Nobel z ekonomii dla kobiety? To za mało

czytaj także

Sama Katherine miała o tym usłyszeć od Williama Waldrona Schieffelina Claytora – swojego wykładowcy, mentora i trzeciego w historii czarnego Amerykanina z doktoratem amerykańskiej uczelni. To on stworzył dla 17-letniej studentki specjalny program nauczania matematyki. „Będziesz świetna w obliczeniach badawczych. Przygotuję cię do tego” – powiedział jej. „Gdzie znajdę taką pracę?” – zapytała Coleman. „To niestety będzie dla ciebie problem” – przyznał Claytor.
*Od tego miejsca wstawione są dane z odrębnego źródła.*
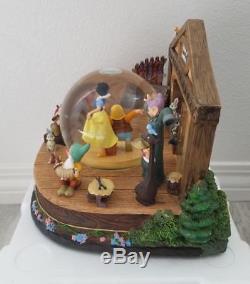 Disney Snow White & Seven Dwarfs Musical Rotating Snowglobe Water Snow Globe New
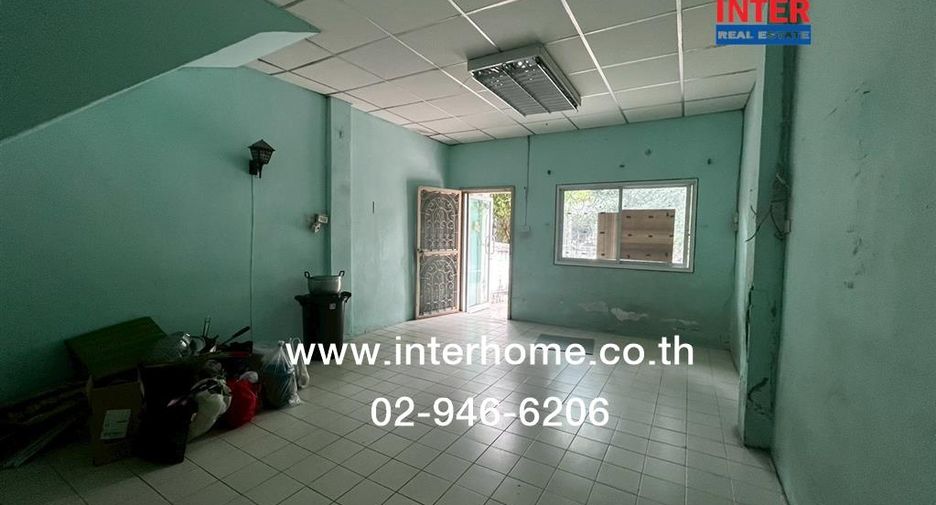 For sale 4 ベッドルーム townhouse in Saphan Sung, Bangkok
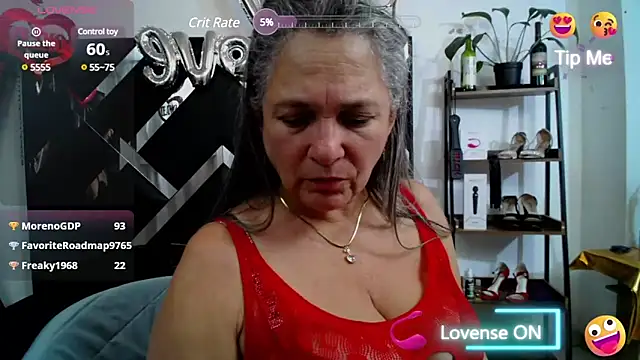 Snapshot of miisevvie_ chatting on March 21, 2:28 am miisevvie online show from March 21, 2:28 am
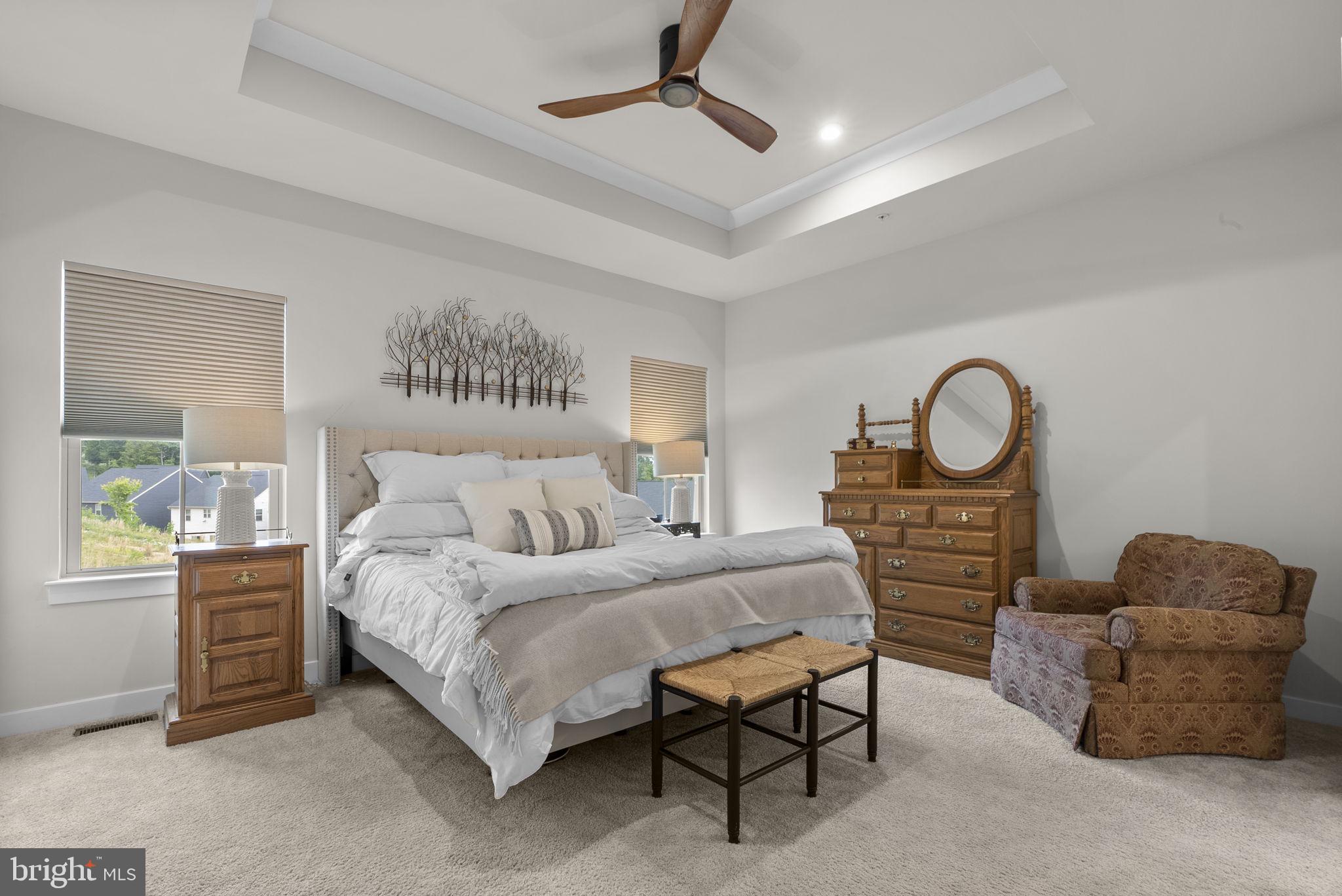 LAKE LINGANORE - Residential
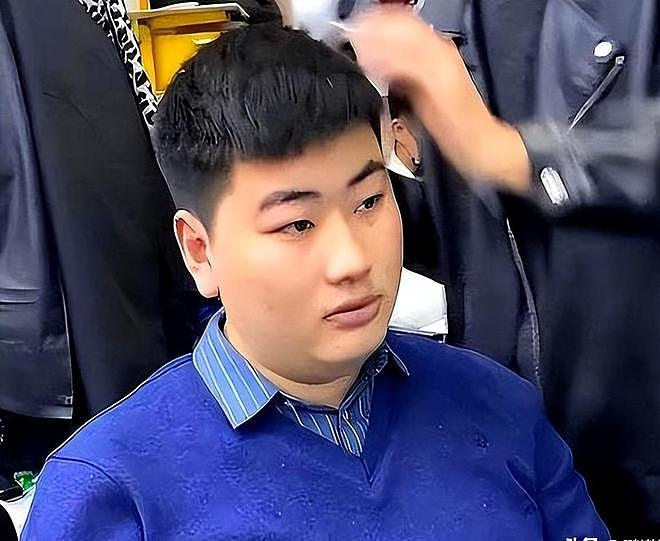 大衣哥回应每月给儿子2万，称儿子没上班，在家做饭看孩子种地 - 13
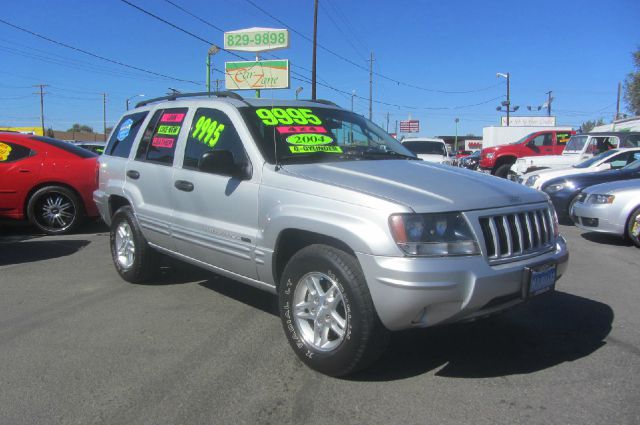 Jeep Grand Cherokee 4dr 114 WB W/4.6l AWD SUV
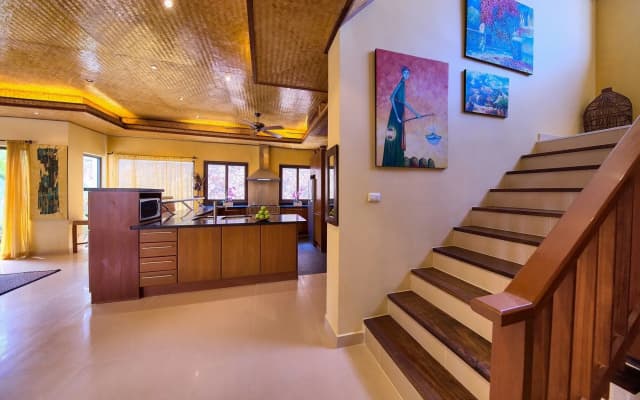 Baan Buaa - 3 Bedroom Beach Side Villa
Wszystkie trzy bohaterki Ukrytych działań – Katherine Johnson, Mary Jackson i Dorothy Vaughan – tuż po studiach odkryły, że jako czarne kobiety nie mają szans na pracę na miarę swoich ambicji. Została nauczycielkami. Do NACA (National Advisory Committee for Aeronautics – Narodowy Komitet Doradczy ds. Aeronautyki, w 1958 r. przemianowany na NASA – Amerykańską Agencję Kosmiczną) dołączyły po 1952 roku, kiedy ruszył nabór dla Afroamerykanek na stanowiska liczarek – „ludzkich komputerów”.

Dziewczyny od rachunków

Jak mawiała Johnson, „w tamtych czasach komputery nosiły kiecki”. Złożonymi projektami wymagającymi abstrakcyjnego myślenia zajmowali się w NACA mężczyźni. Kobiety wykonywały obliczenia potrzebne do realizacji tych projektów. Oni mieli status specjalistów, one były prostymi wyrobnicami. Zarabiały połowę tego co ich koledzy. Dodatkowo białe i czarne liczarki pracowały w oddzielnych zespołach i w oddalonych od siebie budynkach.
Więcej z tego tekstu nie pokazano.